The latest personal injury (PI) law firm to become an alternative business structure (ABS) is eyeing up the opportunity of offering insurers a specialist white-label service, it has emerged.
Hilary Meredith Solicitors is a well-known practice in Cheshire which handles multi-track PI cases, with a particular specialism in military accidents. It has almost 50 staff, a turnover of nearly £7m, and opened a London office last July.
Though the initial impetus for becoming an ABS was to enable longstanding non-lawyer managing director Stevie Tatton to become a partner, Ms Meredith – the chief executive – told Legal Futures that the status gave the firm much greater flexibility.
She explained: “ABS status is a natural progression for the business. We are a niche firm dealing with high-value complex cases. We don’t rule out approaches by insurers to potentially white label us as their specialist multi-track department for claimant cases and we have already had some interest. Our ABS licence certainly gives us options heading into the future.”
Ms Meredith said the ABS licence provided the firm with “all sorts of options” about how an arrangement with an insurer could be structured. “Without that status, you can’t get off the starting blocks.”

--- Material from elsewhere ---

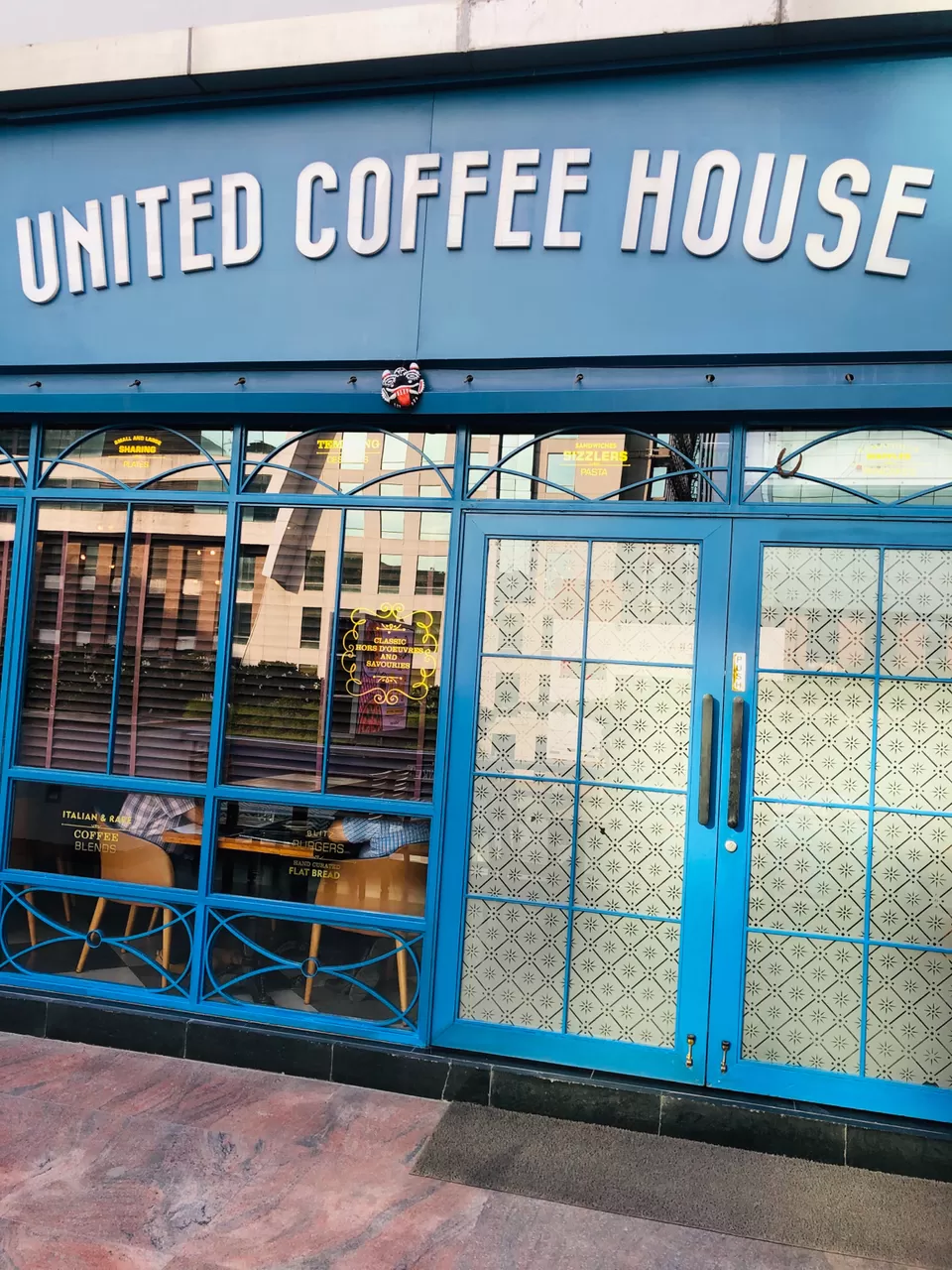 Photo of United Coffee House Rewind, DLF Cyber City, DLF Phase 2, Sector 24, Gurugram, Haryana, India by NJ Vlogger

She said the process had been smooth up to the point where the Citizens Advice Bureau at which the firm’s prospective head of finance and administration was a director went into administration because its government funding had been pulled. This caused a hiatus.
The firm’s other director is Clare Stevens, who heads the military department and whose work has included Checkpoint Blue 25 – where five British soldiers were shot by a rogue Afghan policeman – and US friendly fire air strikes.